The ShuffleNet training Progress with accuracy and error loss over 10 Epochs is shown in Fig. 45. The performance of ShuffleNet in which class wise recall, precision, f1 score and overall accuracy based on confusion matrix are shown in Fig. 46 and Table 14, the best result is highlighted in bold. The Predictions on Random samples made by Transfer Learning on ShuffleNet is shown in Fig. 47.

Fig. 45
figure 45

ShuffleNet training with accuracy and error loss over 10 epochs

Fig. 46
figure 46

Confusion matrix of predictions made by transfer learning on ShuffleNet

Table 14 Performance measures of shuffleNet
Fig. 47
figure 47

Predictions on random samples made by transfer learning on ShuffleNet

The NasNetMobile training Progress with accuracy and error loss over 10 Epochs is shown in Fig. 48. The performance of NasNetMobile in which class wise recall, precision, f1 score and overall accuracy based on confusion matrix are shown in Fig. 49 and Table 15, the best result is highlighted in bold. The Predictions on Random samples made by Transfer Learning on NasNetMobile is shown in Fig. 50.

Fig. 48
figure 48

NasNetMobile training with accuracy and error loss over 10 epochs

Fig. 49
figure 49

Confusion matrix of predictions made by transfer learning on NasNetMobile

Table 15 Performance measures of nasNetMobile
Fig. 50
figure 50

Predictions on random samples made by transfer learning on NasNetMobile

The fourteen deep convolutional networks with number of layers, size, parameters, input size, time, accuracy, recall, precision and f1 score, the average out for a single matrix, are presented in Table 16. DenseNet201 performs better in performance measures and highlighted bold in the Table 16.

Table 16 Comparison of fourteen deep convolutional networks

4 Discussion

It is noted that the results obtained from the fourteen deep convolutional networks are comparable in terms of accuracy, recall, precision and f1 score performance measures. By comparing the performance measures, DenseNet201 network can perform best with 0.825 accuracy. Furthermore, this network gives good efficiency by eliminating the vanishing gradient problem, supporting feature propagation, encouraging reuse of features, and reducing the number of parameters. Besides improved efficiency, another best point is that the information flow and gradients movement is smooth in this network, which helps them in training and reduces the overfitting problem.

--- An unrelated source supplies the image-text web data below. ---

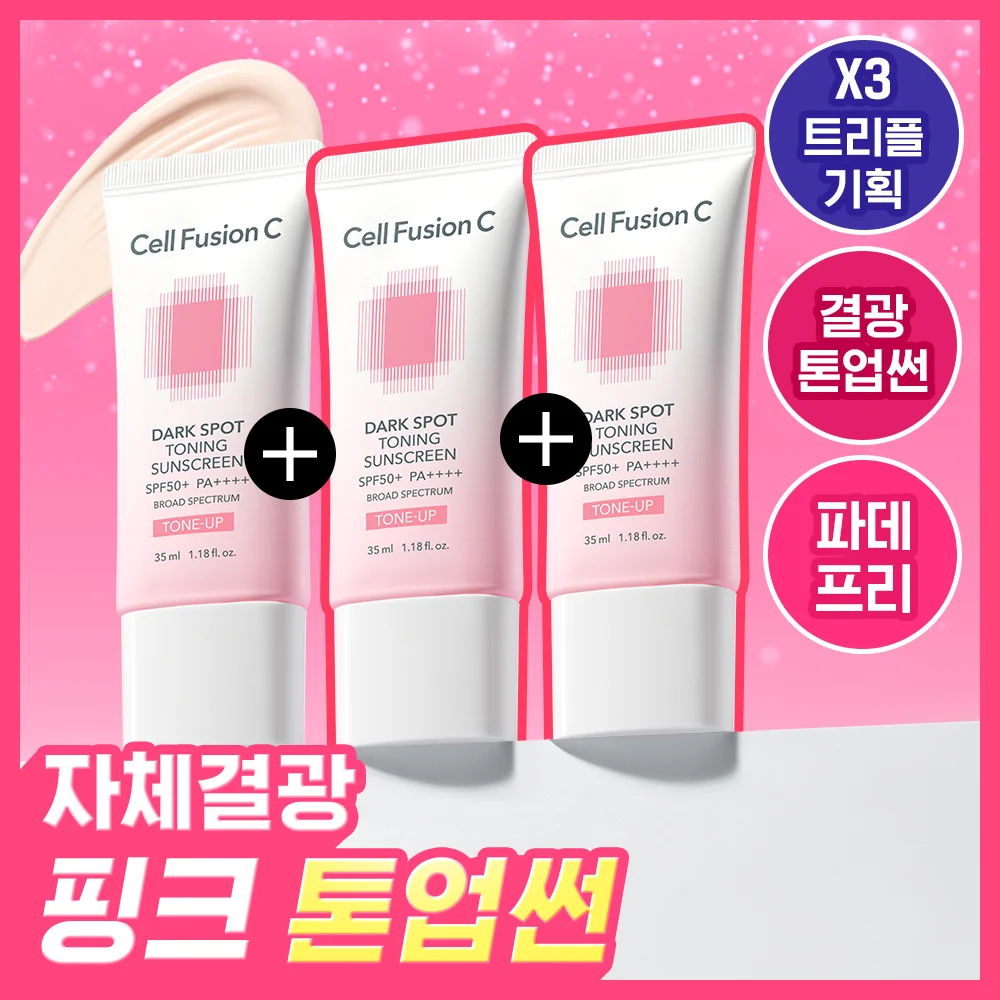 Cellfusion C 瑕疵 調理 防曬霜 35ml 三重 限定 套裝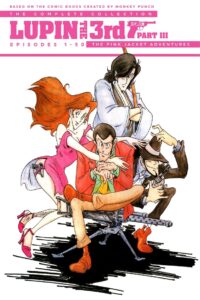 Lupin the Third: Season 3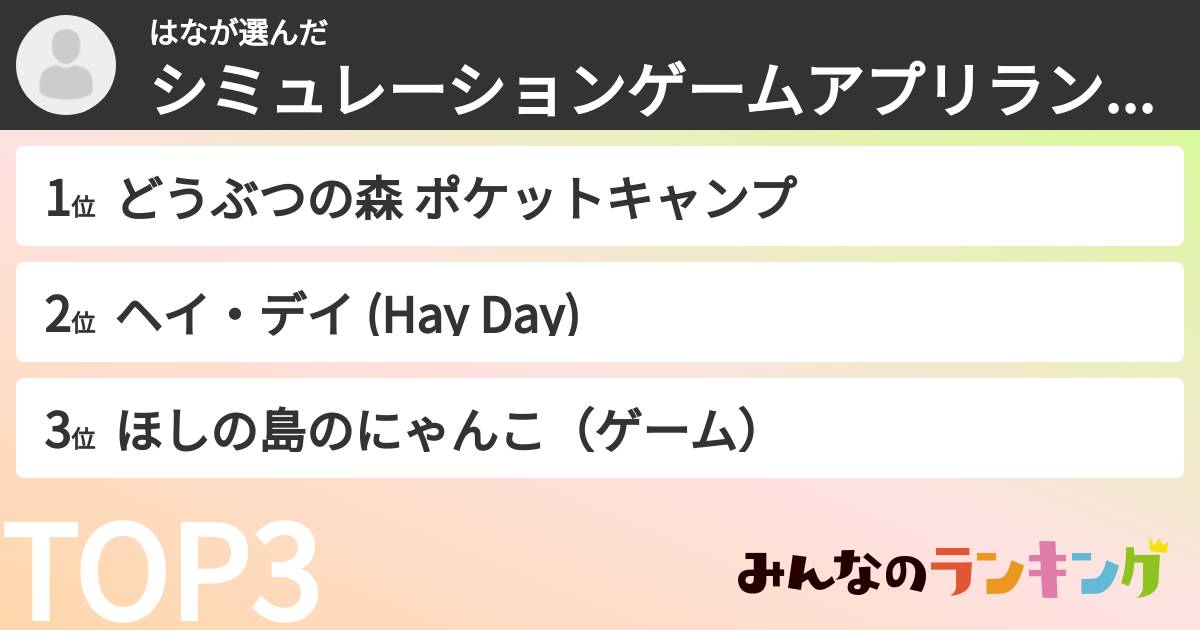 はなさんの「シミュレーションゲームアプリランキング」
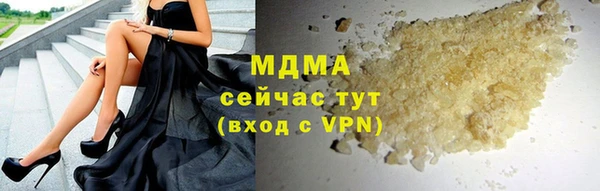 бошки Белоозёрский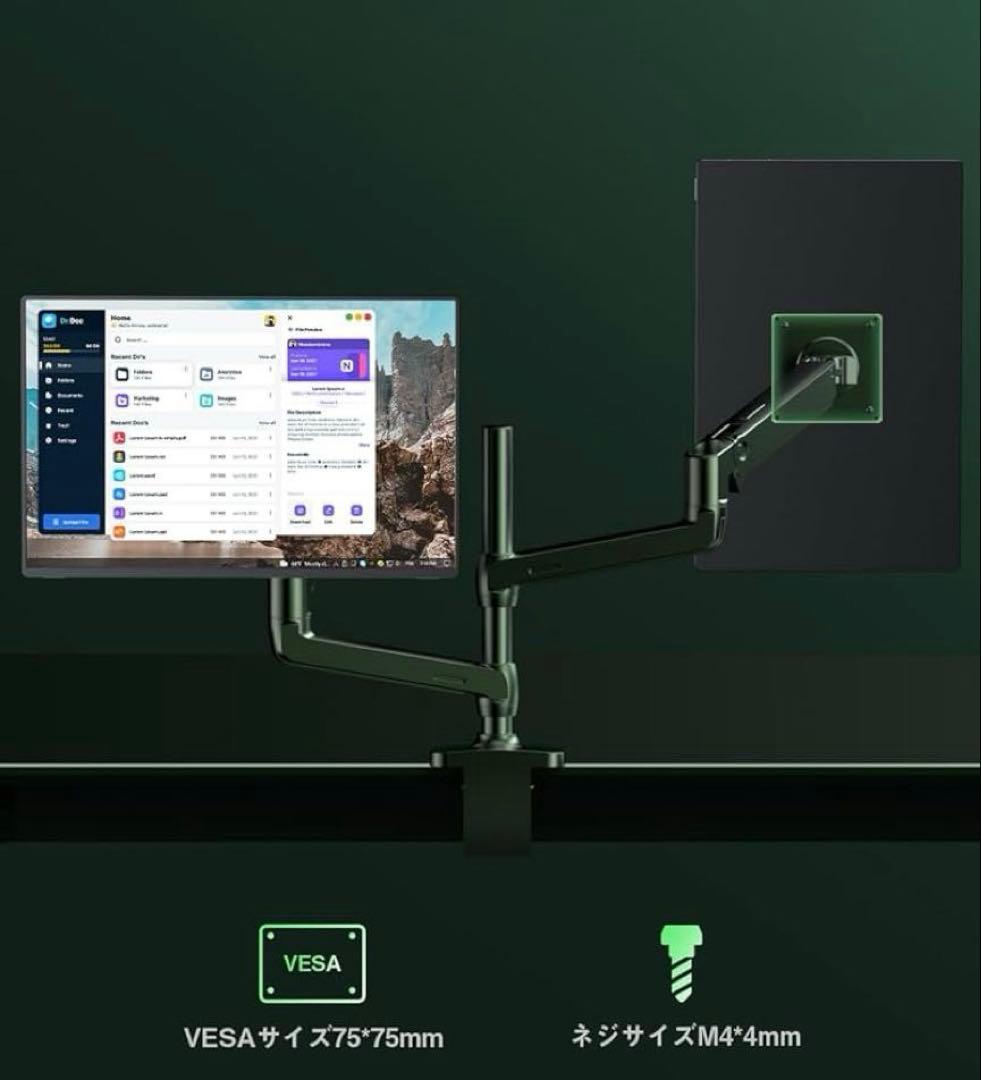 モバイルモニター 4k 16インチ ポータブルモニター モバイルディスプレイ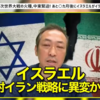 きな臭いイスラエル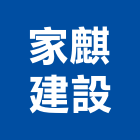 家麒建設企業有限公司,新北企業形象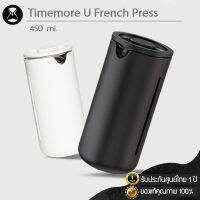 [[พร้อมส่ง]] [[ประกัน1ปี]]Timemore U French Press  เครื่องชงกาแฟสด ชงชา (เฟรนช์เพรส 450 ml) มีเก็บปลายทาง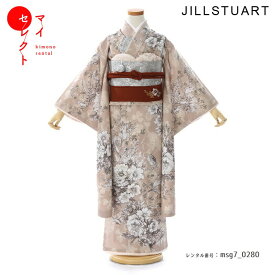 七五三 着物 7歳 女の子 ジルスチュアート(JILL STUART) msg7_0280 七歳 753着物 子供 貸衣装 女児 小学生 草履 バッグ 長襦袢 衣装 きもの モダン レトロ 古典 おしゃれ 七草祝い 【レンタル】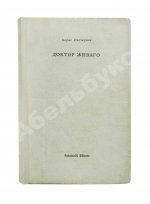 Пастернак, Б.Л. Доктор Живаго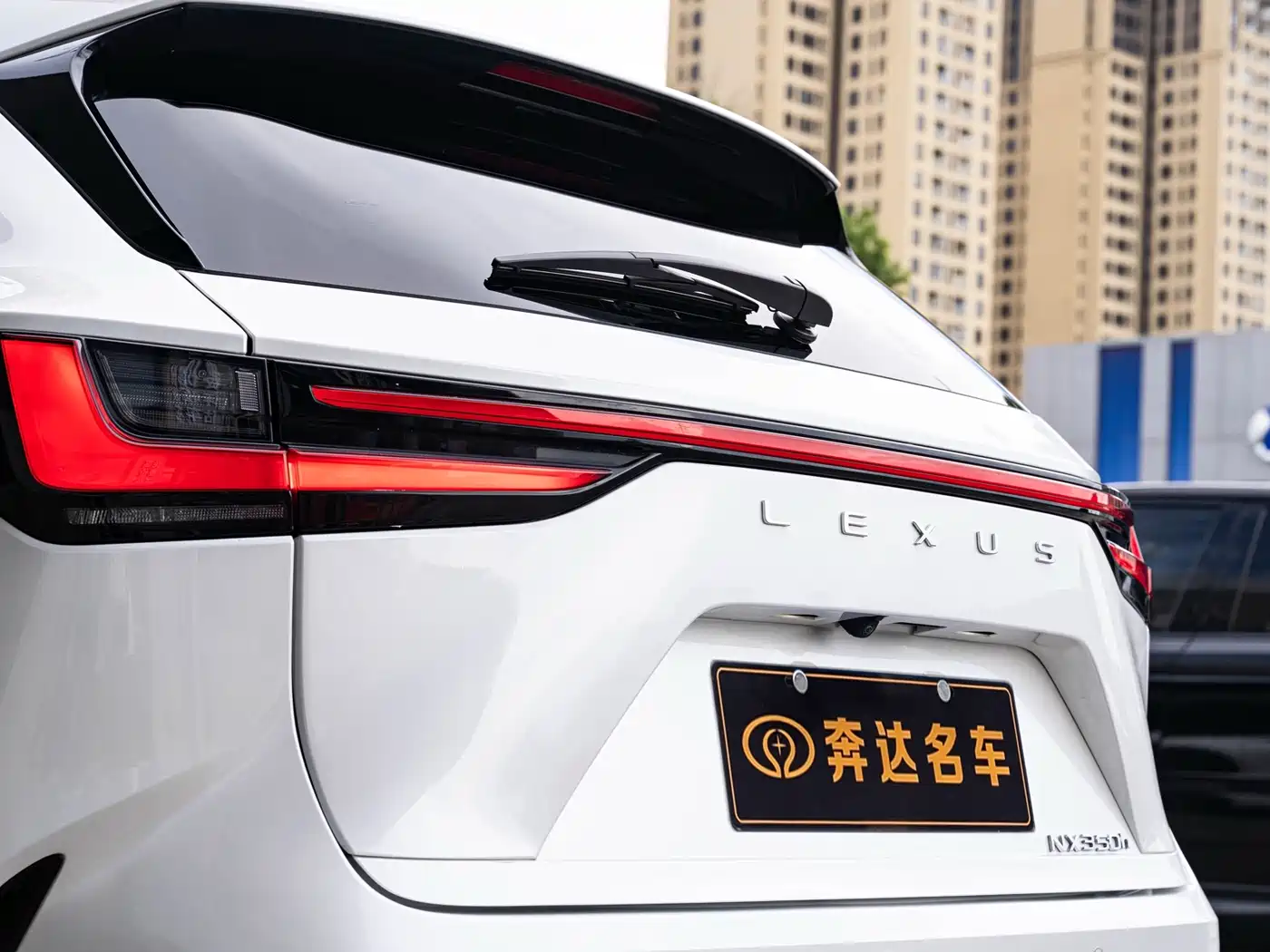Lexus NX 2023 2022 350h FWD Innovation Edition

The performance of the networks is evaluated on the ISIC 2018 dataset consists of 10,015 dermoscopic images. The training progress, confusion matrix for each type of class and testing images results show the best performance of DenseNet201. The ResNet50 model takes the second position, which is taking less time and good accuracy. Similarly, the other model's performance is measurable with time parameters complexity.

5 Conclusion

This study compared the performance of fourteen deep convolutional neural networks for classifying seven types of diseases. This model's performance is measured using ISIC 2018 dataset. The pre-trained networks are modified by replacing their last fully connected layer with our fully connected-7, softmax and cross-entropy layer for classification into seven classes. The results are summarized in Table 16. The results show the best performance of DenseNet201 for classification. In the upcoming years, computer-aided diagnostic systems will be more for classifying a skin lesion by looking at the inspiring results of our study and the former studies using deep learning techniques. The models designed with this baseline are expected to give high accuracy with minimum computation time. In future, our goal is to achieve more effective results by increasing the number of epochs and skin lesions categories.